Find the line containing "Louis Wore A Flagstuff Tv Shirt". Retype it and every later line of the records exactly, leaving out pictures.

*** Opening Material supplied ***

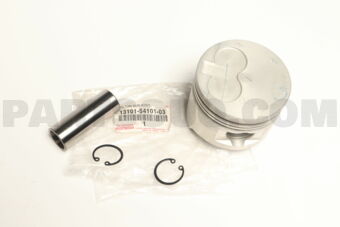 131015410103 Toyota PISTON SUB-ASSY, W/PIN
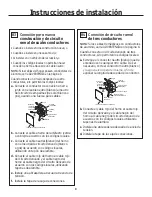 Preview for 20 page of GE Appliances PT925 Installation Instructions Manual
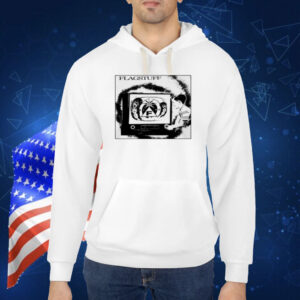 Louis Wore A Flagstuff Tv Shirt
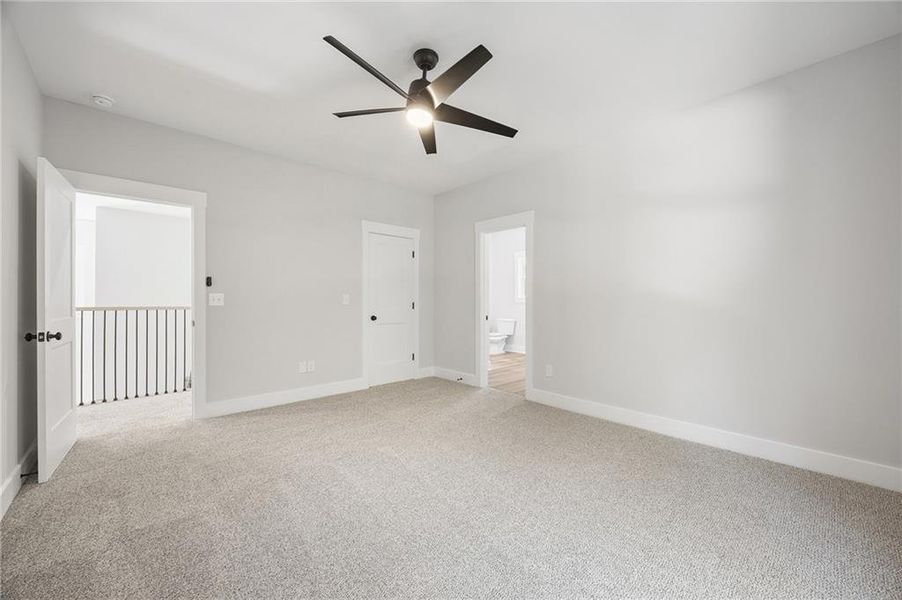 Spacious, unfurnished interior of a new home in , Jackson (Image 26).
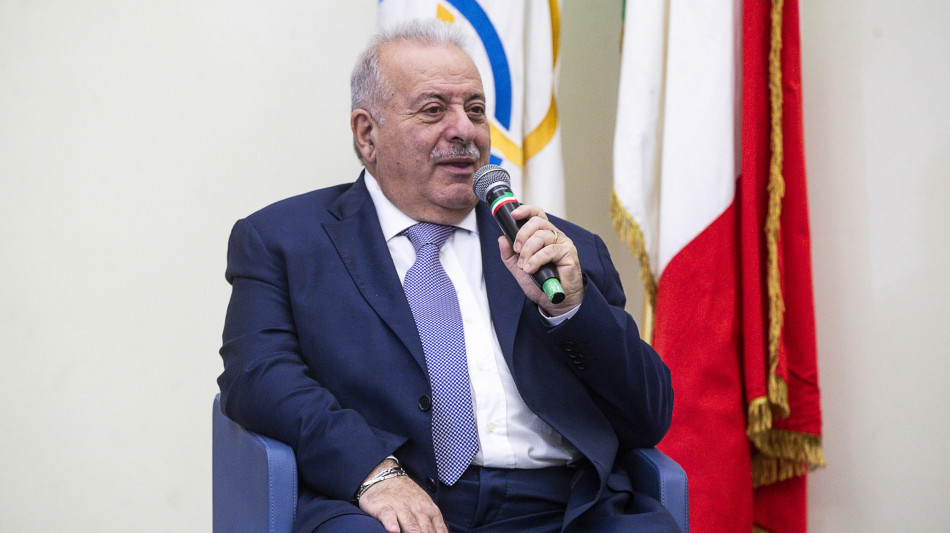 Beach volley: Manfredi 'nostro obiettivo rimane Los Angeles '28'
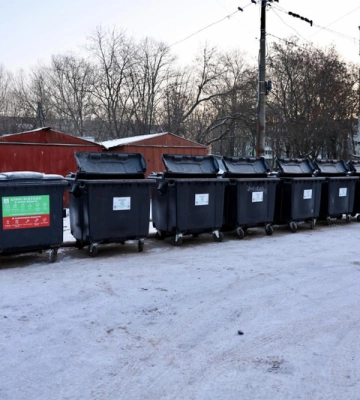 Кропивничани виявились не готовими до сортування сміття 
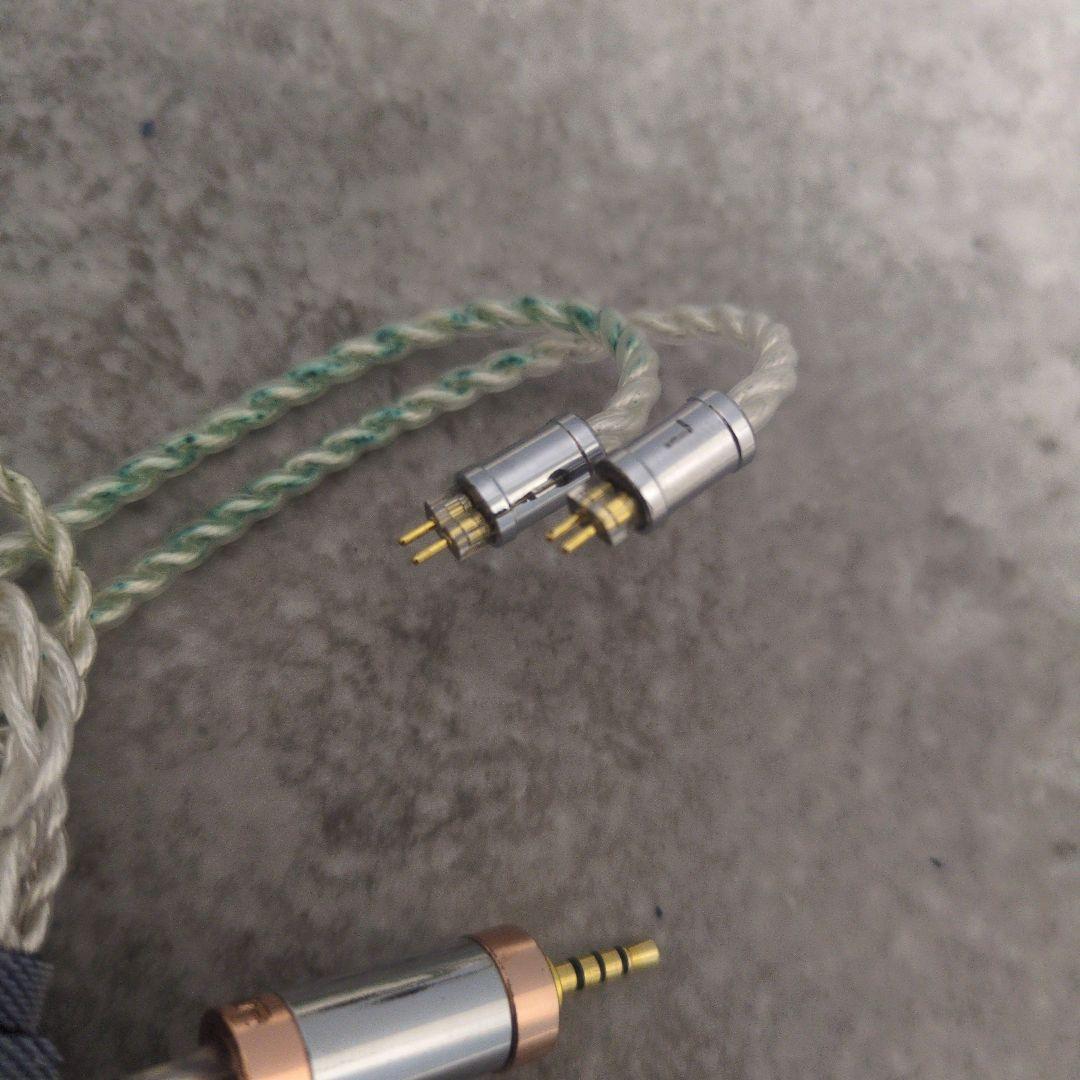 【希少】null audio Lune MKVII 2pin 4.4mm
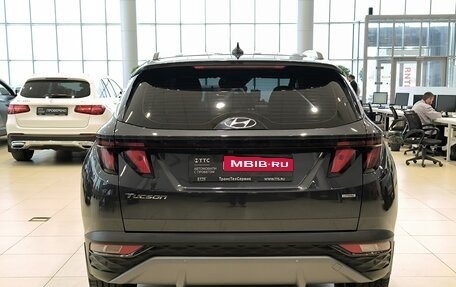 Hyundai Tucson, 2023 год, 3 334 000 рублей, 10 фотография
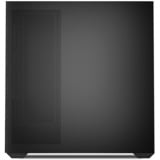 Sharkoon MK6 RGB, Towerkabinet Sort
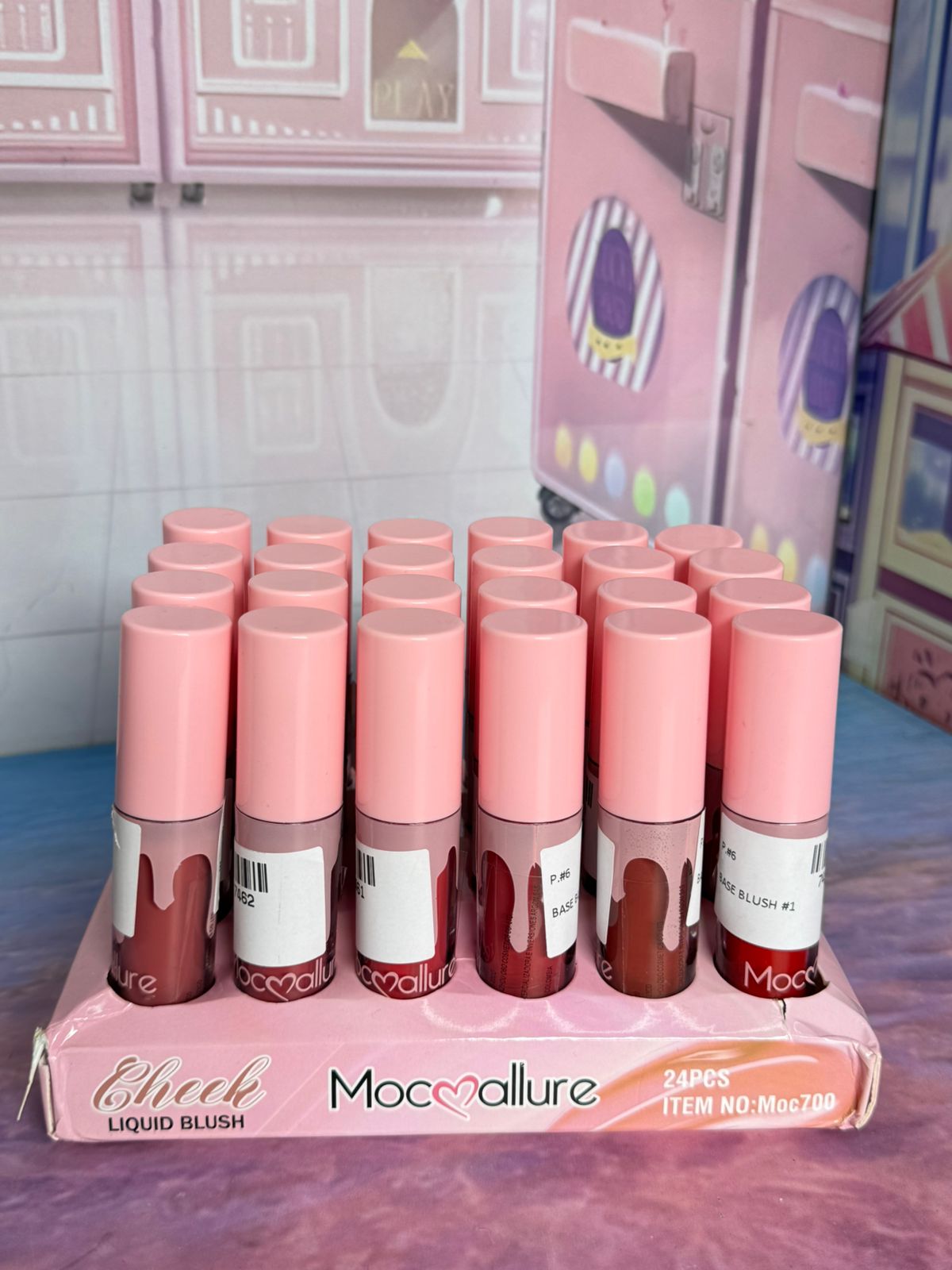 BASE BLUSH CJ A11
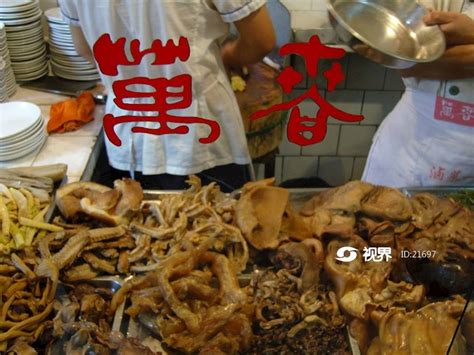 成都温江美食——万春卤菜 图片 | 轩视界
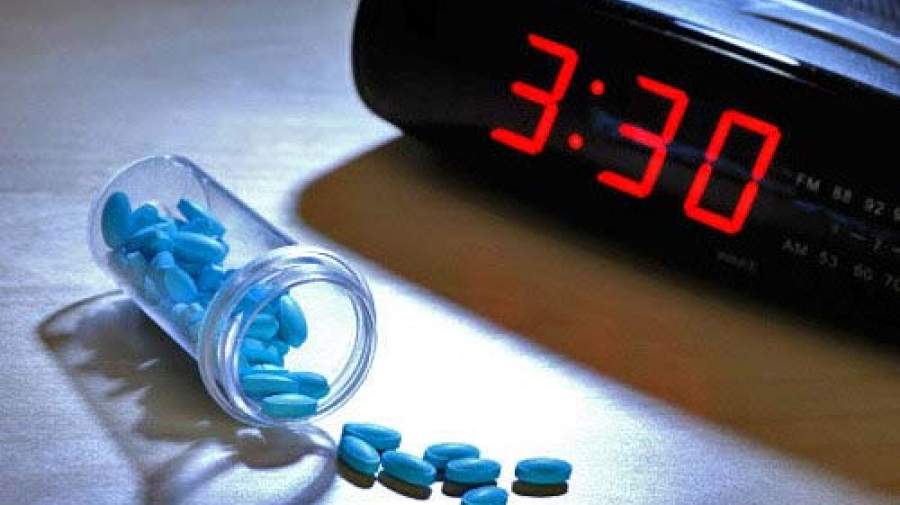 عوارض شایع داروهای خواب‌آور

*** Closing Material supplied ***

**Task output:**
 Louis Wore A Flagstuff Tv Shirt
 Spacious, unfurnished interior of a new home in , Jackson (Image 26).
 Beach volley: Manfredi 'nostro obiettivo rimane Los Angeles '28'
 Кропивничани виявились не готовими до сортування сміття 
 【希少】null audio Lune MKVII 2pin 4.4mm
 Hyundai Tucson, 2023 год, 3 334 000 рублей, 10 фотография
 Sharkoon MK6 RGB, Towerkabinet Sort
 BASE BLUSH CJ A11
 成都温江美食——万春卤菜 图片 | 轩视界
 عوارض شایع داروهای خواب‌آور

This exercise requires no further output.